Getting Started with STM32
Although this getting started class will work well for many of the STM32 processors and boards, we will focus on the NUCLEO-F103RB board with its STM32-F103RB processor.
Class Description
64-Pin NUCLEO Board
* Green LED, LD2, connected to PA5, illuminates when driven high * Blue PushButton, B1, connects to PC13, 4.7K external pullup, signal connects to ground when pressed * 32,768Hz crystal oscillator, LSE, used for Real Time Clock (RTC) * 8MHz HSE, is provided by the 8MHz crystal oscillator from the attached ST-Link, into PD0 * UART2 connects the target processor to the ST-Link, providing a USB COM port connection on the host computer.
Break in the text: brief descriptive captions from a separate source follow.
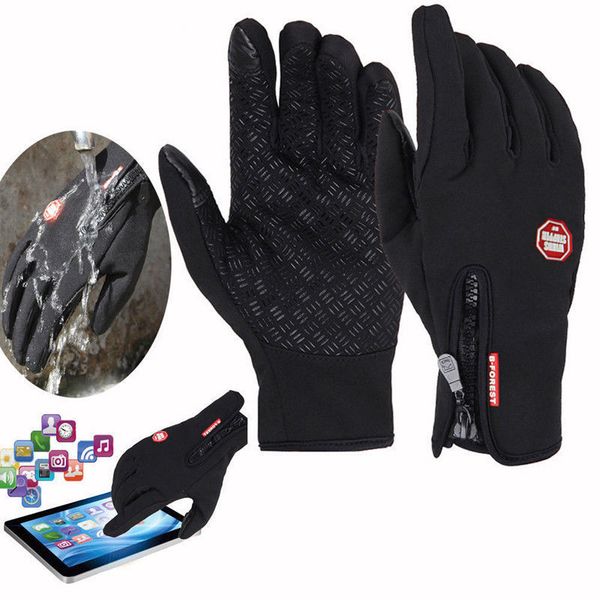 touch screen windproof outdoor sport for men women army guantes tacticos luva winter windser waterproof gloves, Silver
touch screen windproof outdoor sport for men women army guantes tacticos luva winter windser waterproof gloves, Silver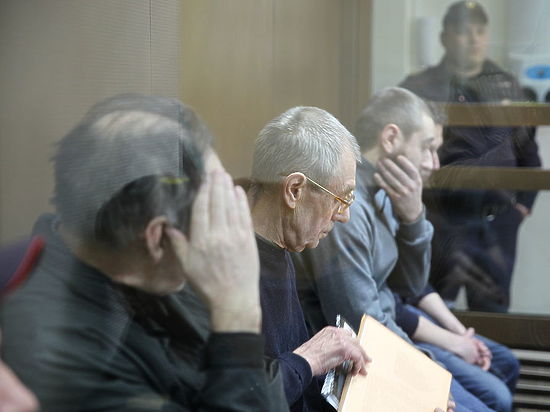Юрий Гордов утверждает, что не причастен к ЧП, а показания дал под давлением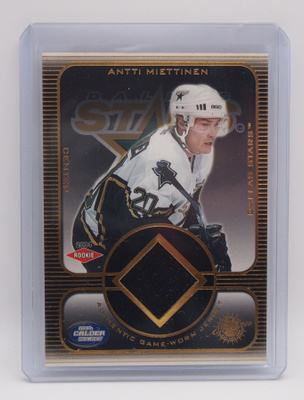 2003-04 Pacific calder Antti Miettinen /500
Uses PA2 for TX, and PA3 for RX. * ST-Link connects to TCK (PA14), TMS (PA13) Board: https://www.st.com/en/evaluation-tools/nucleo-f103rb.html Manual: https://www.st.com/resource/en/user_manual/um1724-stm32-nucleo64-boards-mb1136-stmicroelectronics.pdf Schematic: https://www.st.com/resource/en/schematic_pack/nucleo_64pins_sch.zip
Processor: STM32F103RBT6
* 128KB Flash, organized as 128 - 1K sectors * 20KB SRAM * 72MHz clock * Single-cycle multiplication and hardware division * 2.0 to 3.6 V application supply and I/Os * Within this part series, this is considered a "Medium-density device", and as such, has the following peripherals: * 3 USARTs * 3 16-bit timers * 2 SPIs, 2 I2Cs, USB, CAN, 1 PWM Timer, 2 ADCs Notes: "Low-density device" has fewer peripherals. "High-density device" has more peripherals.
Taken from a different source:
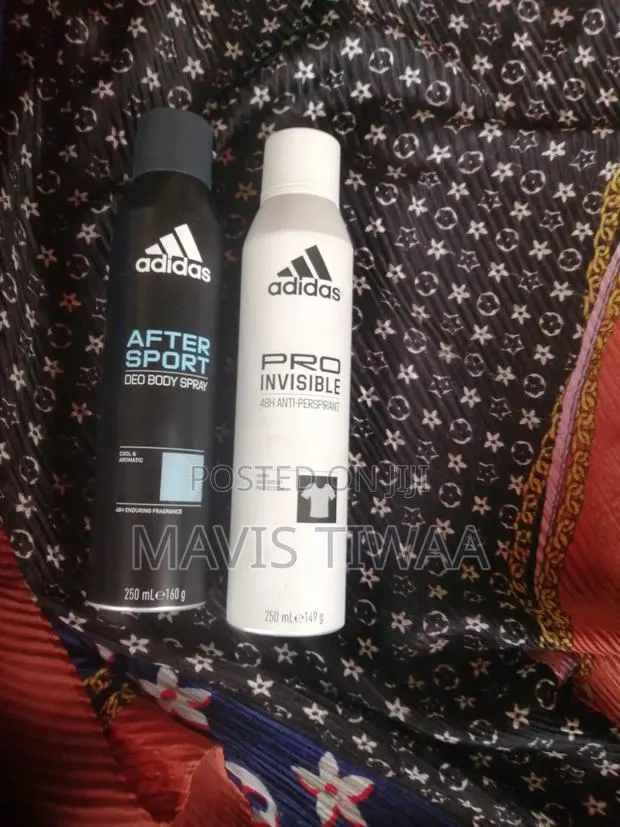 Adidas Shure · Photo 1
Software - Development Tools - IDE
I recommend creating an STMicro account to make multiple downloads easier. Download the following tool(s) from STMicro: https://www.st.com/en/development-tools/stm32cubeide.html (Required) Optional tools (not necessary for the class) https://www.st.com/en/development-tools/stm32-software-development-tools.html STM32CubeProg - Programming tool to write/read firmware to/from the target processor STSW-Link007 - ST-Link Firmware Upgrade tool STSW-Link009 - Windows Device Drivers for ST-Link adapters
Installing STM32CubeIDE
* Allow the software to install at C:/ST/STM32CubeIDE_X.XX.X * When asked where to store project files, I recommend creating a path off of C:/Users/YourName/Documents Something like: C:/Users/YourName/Documents/STM32_Projects This makes your projects easy to find and backup.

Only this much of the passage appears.